Karachi: In a notable financial update, VIS Credit Rating Company Limited (VIS) has raised the credit ratings of Interloop Limited (ILP) from 'A+/A-1' to 'AA-/A-1', signaling a robust improvement in the company's financial and operational stability. This upgrade reflects a strong credit quality with a stable outlook, acknowledging ILP's enhanced capacity for meeting both long-term commitments and short-term obligations.
According to VIS Credit Rating Company Limited, the upgraded long-term rating of 'AA-' illustrates high credit quality with strong protection factors, albeit with modest risk that could fluctuate due to economic conditions. The short-term rating of 'A-1' points to a strong likelihood of timely repayment of financial obligations, bolstered by excellent liquidity factors. This reassessment follows a previous rating action announced on May 10, 2023.

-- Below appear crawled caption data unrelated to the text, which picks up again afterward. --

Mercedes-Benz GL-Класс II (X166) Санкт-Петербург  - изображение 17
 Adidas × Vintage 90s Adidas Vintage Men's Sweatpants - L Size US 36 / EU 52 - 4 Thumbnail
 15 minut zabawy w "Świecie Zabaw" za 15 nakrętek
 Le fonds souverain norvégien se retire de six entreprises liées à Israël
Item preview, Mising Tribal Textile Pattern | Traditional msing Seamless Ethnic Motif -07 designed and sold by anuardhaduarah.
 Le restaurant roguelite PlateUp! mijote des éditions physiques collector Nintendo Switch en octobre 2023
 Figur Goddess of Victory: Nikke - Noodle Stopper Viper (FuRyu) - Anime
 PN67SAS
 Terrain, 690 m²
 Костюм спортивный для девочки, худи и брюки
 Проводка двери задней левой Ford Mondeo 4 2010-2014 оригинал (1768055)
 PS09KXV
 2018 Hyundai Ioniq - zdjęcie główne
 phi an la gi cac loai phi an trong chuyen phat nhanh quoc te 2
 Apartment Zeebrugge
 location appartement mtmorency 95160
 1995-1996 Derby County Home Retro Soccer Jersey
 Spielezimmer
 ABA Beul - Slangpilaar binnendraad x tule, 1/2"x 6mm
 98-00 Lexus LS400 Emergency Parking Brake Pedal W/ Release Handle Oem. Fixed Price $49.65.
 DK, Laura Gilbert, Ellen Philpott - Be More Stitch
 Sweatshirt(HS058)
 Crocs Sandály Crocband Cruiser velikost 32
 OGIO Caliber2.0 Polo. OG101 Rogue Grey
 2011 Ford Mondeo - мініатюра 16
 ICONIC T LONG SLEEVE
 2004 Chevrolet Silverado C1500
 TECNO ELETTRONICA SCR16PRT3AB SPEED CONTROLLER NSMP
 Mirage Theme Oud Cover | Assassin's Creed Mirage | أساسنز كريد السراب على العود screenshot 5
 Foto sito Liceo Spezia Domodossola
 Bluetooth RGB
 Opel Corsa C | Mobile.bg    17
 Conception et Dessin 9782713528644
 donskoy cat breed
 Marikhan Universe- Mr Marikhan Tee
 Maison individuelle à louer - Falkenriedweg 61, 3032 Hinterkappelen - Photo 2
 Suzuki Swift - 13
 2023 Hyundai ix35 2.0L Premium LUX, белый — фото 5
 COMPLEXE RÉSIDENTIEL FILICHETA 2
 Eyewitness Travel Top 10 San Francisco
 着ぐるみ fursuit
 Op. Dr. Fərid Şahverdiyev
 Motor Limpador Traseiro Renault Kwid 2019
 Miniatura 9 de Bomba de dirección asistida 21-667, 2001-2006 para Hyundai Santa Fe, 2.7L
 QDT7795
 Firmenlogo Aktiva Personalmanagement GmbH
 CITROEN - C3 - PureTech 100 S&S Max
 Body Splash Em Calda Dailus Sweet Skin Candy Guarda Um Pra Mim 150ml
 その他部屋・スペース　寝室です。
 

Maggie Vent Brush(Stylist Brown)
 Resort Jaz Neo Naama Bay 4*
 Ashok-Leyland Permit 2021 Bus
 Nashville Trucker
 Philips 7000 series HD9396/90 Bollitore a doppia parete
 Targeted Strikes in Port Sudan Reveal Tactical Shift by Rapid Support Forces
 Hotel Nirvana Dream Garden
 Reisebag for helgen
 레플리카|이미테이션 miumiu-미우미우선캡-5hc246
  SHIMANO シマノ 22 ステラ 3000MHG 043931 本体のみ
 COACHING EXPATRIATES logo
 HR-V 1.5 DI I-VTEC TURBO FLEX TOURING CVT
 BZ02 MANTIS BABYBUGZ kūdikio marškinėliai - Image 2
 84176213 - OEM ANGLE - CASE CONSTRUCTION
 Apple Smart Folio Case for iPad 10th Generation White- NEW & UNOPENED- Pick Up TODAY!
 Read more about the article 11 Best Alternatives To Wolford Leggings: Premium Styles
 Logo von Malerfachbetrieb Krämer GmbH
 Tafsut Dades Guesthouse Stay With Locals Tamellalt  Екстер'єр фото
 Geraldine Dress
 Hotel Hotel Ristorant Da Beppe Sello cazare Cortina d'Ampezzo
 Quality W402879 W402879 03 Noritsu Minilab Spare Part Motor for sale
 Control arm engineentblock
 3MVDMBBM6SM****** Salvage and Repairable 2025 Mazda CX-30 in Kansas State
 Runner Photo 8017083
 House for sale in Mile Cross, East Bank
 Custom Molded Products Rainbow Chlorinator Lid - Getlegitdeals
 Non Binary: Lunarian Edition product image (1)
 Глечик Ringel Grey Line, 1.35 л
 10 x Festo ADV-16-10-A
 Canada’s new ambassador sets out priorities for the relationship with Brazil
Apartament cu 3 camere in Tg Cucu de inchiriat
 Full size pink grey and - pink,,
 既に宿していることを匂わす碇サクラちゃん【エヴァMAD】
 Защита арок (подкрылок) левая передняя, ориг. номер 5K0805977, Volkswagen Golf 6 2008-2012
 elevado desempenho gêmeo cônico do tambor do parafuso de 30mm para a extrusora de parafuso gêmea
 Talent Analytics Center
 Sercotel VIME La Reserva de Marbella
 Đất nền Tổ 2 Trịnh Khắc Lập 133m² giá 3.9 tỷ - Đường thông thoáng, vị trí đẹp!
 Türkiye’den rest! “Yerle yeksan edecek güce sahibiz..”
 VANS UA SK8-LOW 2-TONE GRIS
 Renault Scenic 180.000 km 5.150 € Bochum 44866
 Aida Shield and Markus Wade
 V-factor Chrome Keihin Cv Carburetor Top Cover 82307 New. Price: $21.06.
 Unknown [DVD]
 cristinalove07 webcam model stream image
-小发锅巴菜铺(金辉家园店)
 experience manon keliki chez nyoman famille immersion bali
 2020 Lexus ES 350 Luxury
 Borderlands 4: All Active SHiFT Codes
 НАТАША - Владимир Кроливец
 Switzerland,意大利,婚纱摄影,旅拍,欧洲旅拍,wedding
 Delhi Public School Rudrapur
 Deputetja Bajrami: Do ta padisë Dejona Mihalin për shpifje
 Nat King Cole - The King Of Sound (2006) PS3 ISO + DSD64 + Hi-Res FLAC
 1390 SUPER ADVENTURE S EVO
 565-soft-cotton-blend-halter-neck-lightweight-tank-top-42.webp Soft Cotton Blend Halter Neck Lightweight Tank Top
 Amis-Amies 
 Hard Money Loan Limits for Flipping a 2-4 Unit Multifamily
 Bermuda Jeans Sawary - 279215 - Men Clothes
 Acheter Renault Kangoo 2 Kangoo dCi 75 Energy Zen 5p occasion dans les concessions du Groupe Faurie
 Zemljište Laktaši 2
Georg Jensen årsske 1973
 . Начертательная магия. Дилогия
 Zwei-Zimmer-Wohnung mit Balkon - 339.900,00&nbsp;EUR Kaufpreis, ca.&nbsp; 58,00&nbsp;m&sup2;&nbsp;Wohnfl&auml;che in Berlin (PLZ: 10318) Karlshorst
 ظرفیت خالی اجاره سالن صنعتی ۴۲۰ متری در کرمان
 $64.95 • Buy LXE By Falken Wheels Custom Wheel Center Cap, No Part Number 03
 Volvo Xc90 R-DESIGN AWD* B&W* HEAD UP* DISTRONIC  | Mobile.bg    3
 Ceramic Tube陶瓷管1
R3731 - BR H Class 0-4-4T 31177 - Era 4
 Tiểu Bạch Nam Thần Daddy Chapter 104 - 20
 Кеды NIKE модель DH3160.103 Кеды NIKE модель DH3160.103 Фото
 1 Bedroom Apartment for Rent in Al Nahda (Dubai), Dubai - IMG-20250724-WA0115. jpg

Interloop Limited, a key player in the textile sector on the Pakistan Stock Exchange, is recognized for its extensive operations that span across Hosiery, Denim, Knitted Apparel, and Seamless Activewear. Catering to a global clientele including major brands and retailers, ILP has established a significant market presence in several key regions including the Netherlands, China, Japan, the USA, and Sri Lanka, and employs over 35,000 individuals.
The assigned ratings reflect the inherent risks within the textile industry, characterized by economic cyclicality and intense competition. These factors include susceptibility to demand shifts influenced by broader economic trends, exposure to global market fluctuations, geopolitical challenges, and liquidity issues related to the delay in sales tax refunds. Additionally, dependencies on local cotton production and imported raw materials expose the sector to significant currency exchange risks.
The rating upgrade also considers ILP's strategic initiatives, including capacity expansions in the apparel segment approved by the board and diversification efforts aimed at broadening the revenue base. In FY23, ILP achieved a landmark by crossing the Rs. 100 billion sales threshold, recording revenues of Rs. 119.2 billion—a 31% growth over the previous year. This financial growth was accompanied by improvements in both gross and net profit margins.
Financially, ILP has strengthened its equity base to Rs. 43.8 billion, supported by robust internal cash flows. Despite an increase in total debt to Rs. 59.6 billion, the company showed marginal improvements in gearing and leverage ratios. Additionally, the Debt Service Coverage Ratio (DSCR) remained healthy above 4.5x in FY23, reflecting an adequate liquidity profile.